··· DATA LISTING
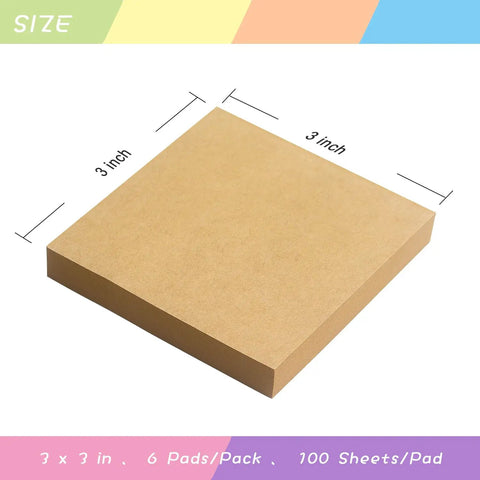 3x3 Self Stick Sticky Notes Set In 6 Bright Colors For Office School And Home, Easy To Post And Reuse, 6 Pads Per Pack With 100 Sheets Per Pad, Total 600 Sheets, Kraft Paper Notes For Quick Doodles And Reminders; showing one pad in kraft color with dimensions.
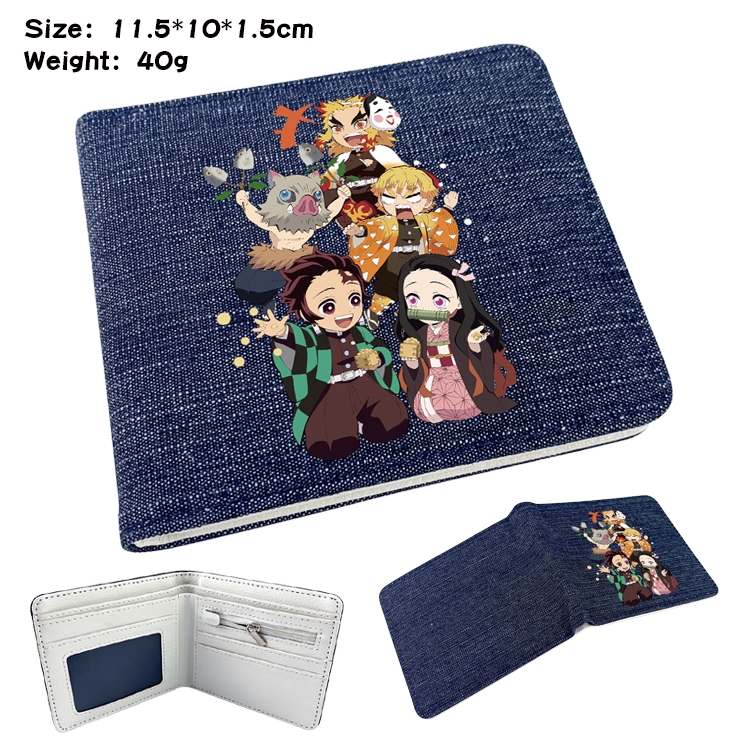Demon Slayer Kimets Anime Peripheral Denim Folding Wallet 11.5X10X1.5CM 40g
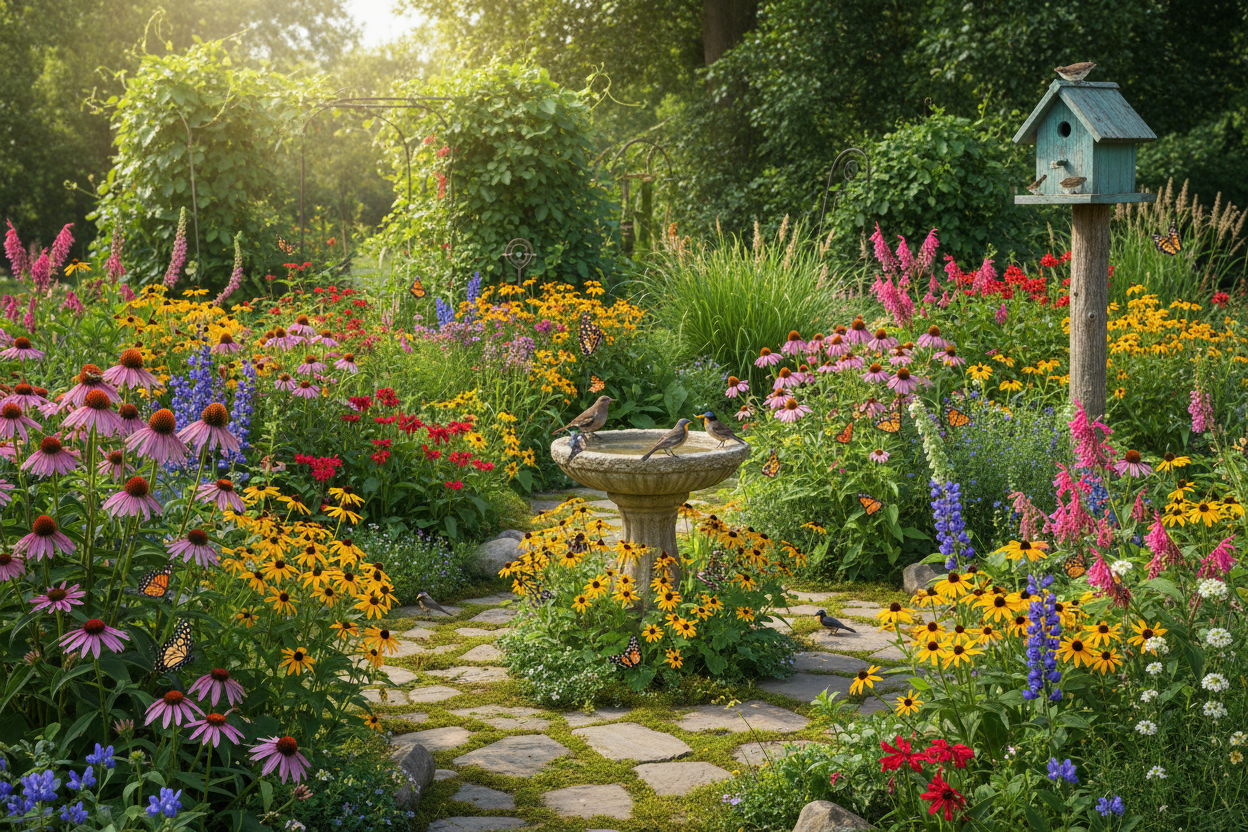 Weathered stone bird bath with carved rim for Tennessee wildlife garden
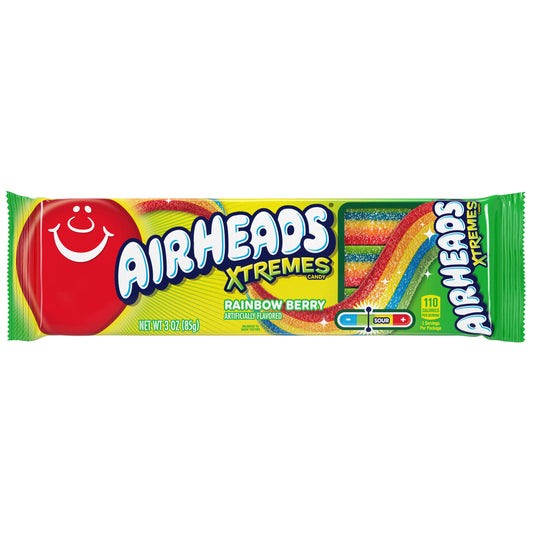 Airheads Xtremes Belts, Halloween Trick or Treat Sweetly Sour Candy, Rainbow Berry Flavor, Individually Wrapped Bulk Candy for Adults & Kids, Movie Theater, Party, Non-Melting, 3 oz (Pack of 12)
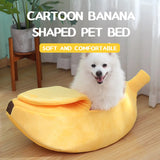 Cozy Banana Cat Bed – Soft Plush Pet House for Cats and Small Dogs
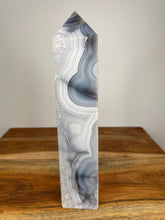 Load image into Gallery viewer, Discounted Moss Agate Tower Crystal With Banding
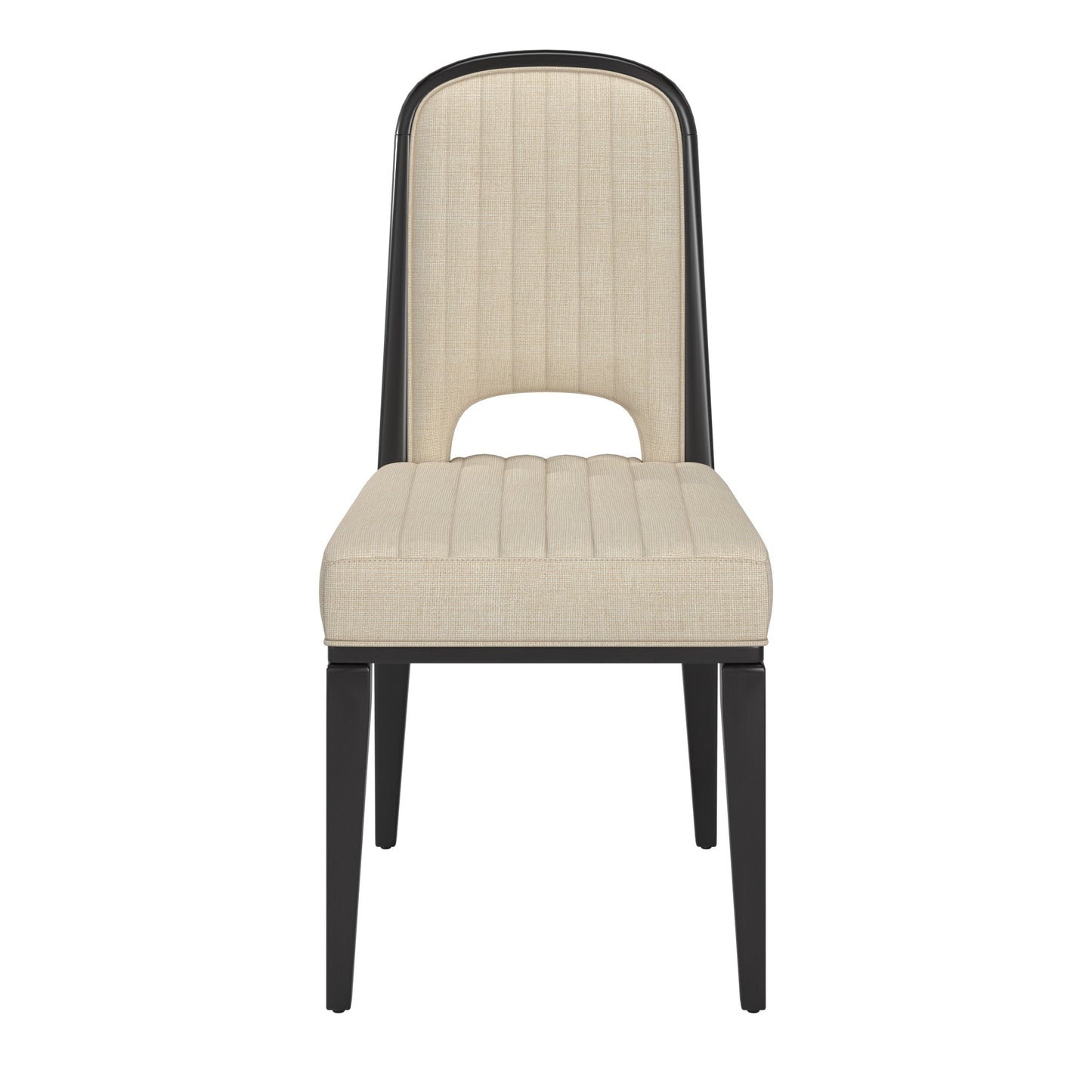 Wood Finish Cream Fabric Channel Stitching Dining Chair (Set of 2) - Black Oack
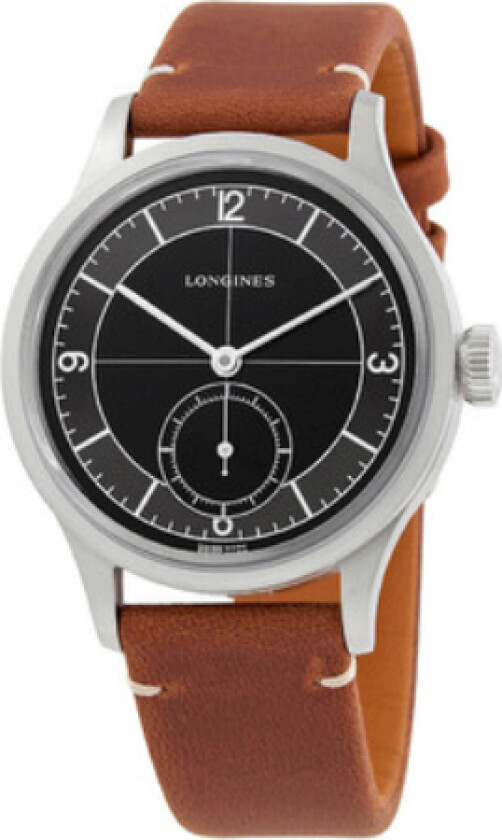 Herreklokke L2.828.4.53.2 Heritage Classic Sort/Lær Ø38.5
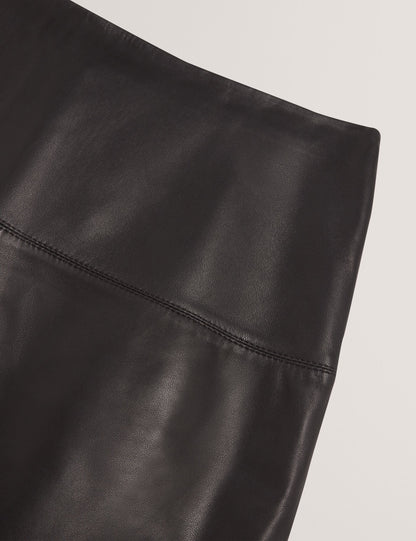 Ted Baker VALIAT - A-Line Leather Mini Skirt BLACK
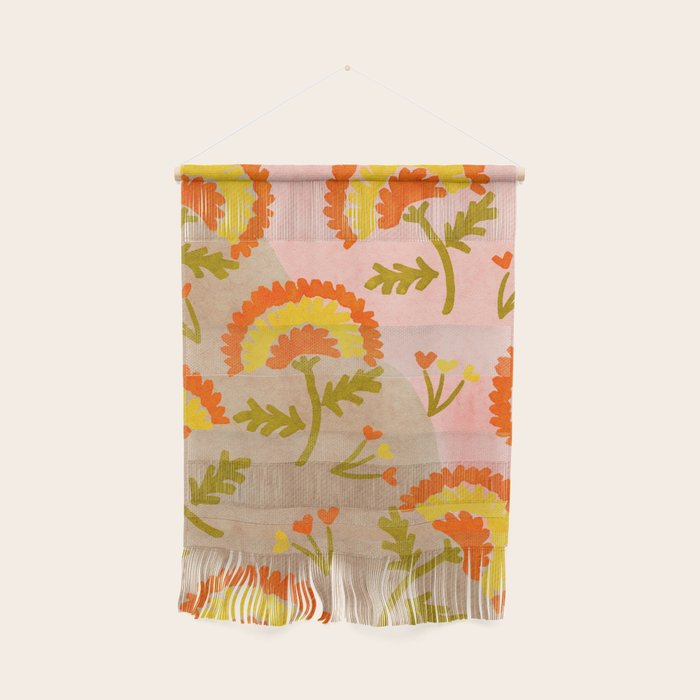 Red and Orange Marigold print - Mexico City Marigold Market Wall Hanging Gallery Image 1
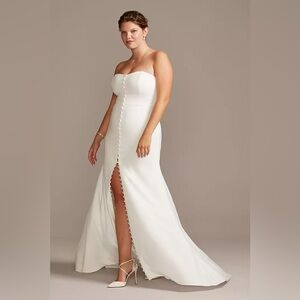 DAVID'S BRIDAL COLLECTION Button Front Strapless Crepe Wedding Dress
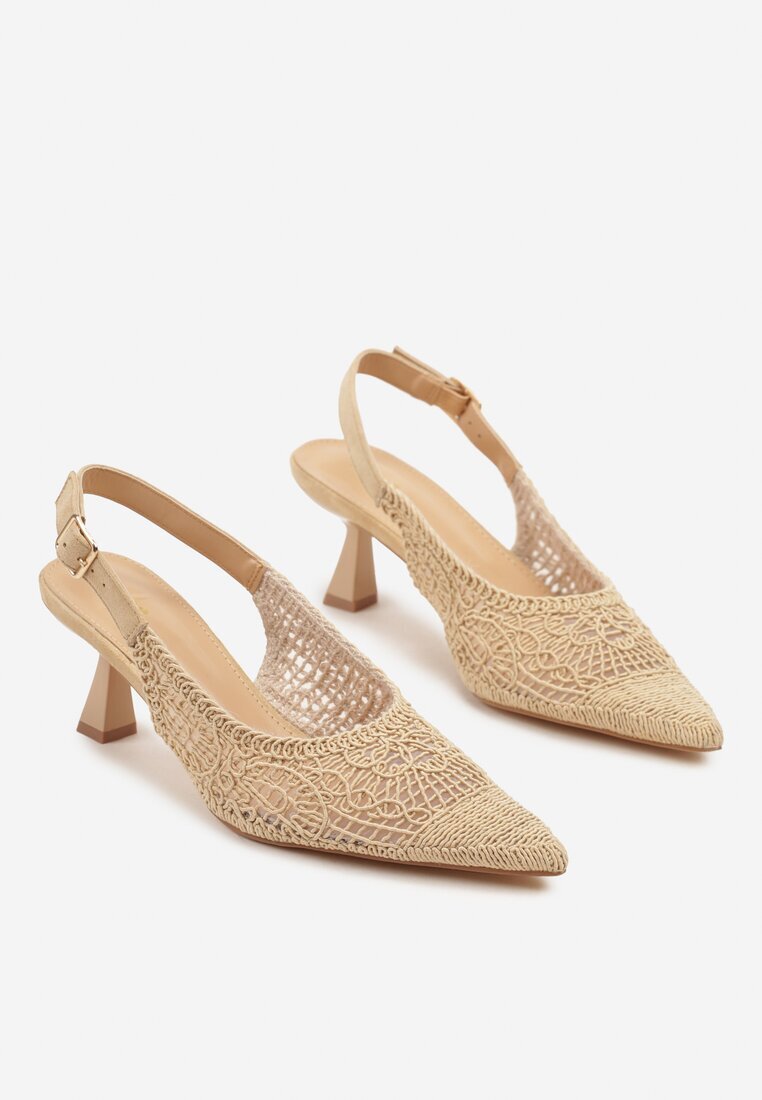 vices Sandale Bej închis brodate cu toc subțire Slingback Atesia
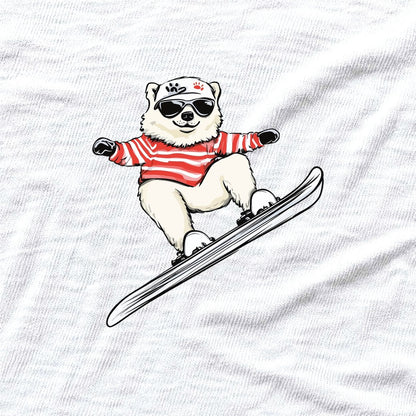 Skiing Dog T-shirt - White - hero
······
- _WHAT IS REQUIRED_
Please retype the records above exactly, excluding every picture.

- _SOLUTION TO THIS PROBLEM_
 3x3 Self Stick Sticky Notes Set In 6 Bright Colors For Office School And Home, Easy To Post And Reuse, 6 Pads Per Pack With 100 Sheets Per Pad, Total 600 Sheets, Kraft Paper Notes For Quick Doodles And Reminders; showing one pad in kraft color with dimensions.
Demon Slayer Kimets Anime Peripheral Denim Folding Wallet 11.5X10X1.5CM 40g
 Weathered stone bird bath with carved rim for Tennessee wildlife garden
 Airheads Xtremes Belts, Halloween Trick or Treat Sweetly Sour Candy, Rainbow Berry Flavor, Individually Wrapped Bulk Candy for Adults & Kids, Movie Theater, Party, Non-Melting, 3 oz (Pack of 12)
 Cozy Banana Cat Bed – Soft Plush Pet House for Cats and Small Dogs
 Load image into Gallery viewer, Discounted Moss Agate Tower Crystal With Banding
 Wood Finish Cream Fabric Channel Stitching Dining Chair (Set of 2) - Black Oack
 Herreklokke L2.828.4.53.2 Heritage Classic Sort/Lær Ø38.5
 Ted Baker VALIAT - A-Line Leather Mini Skirt BLACK
 Red and Orange Marigold print - Mexico City Marigold Market Wall Hanging Gallery Image 1
 DAVID'S BRIDAL COLLECTION Button Front Strapless Crepe Wedding Dress
 vices Sandale Bej închis brodate cu toc subțire Slingback Atesia
 Skiing Dog T-shirt - White - hero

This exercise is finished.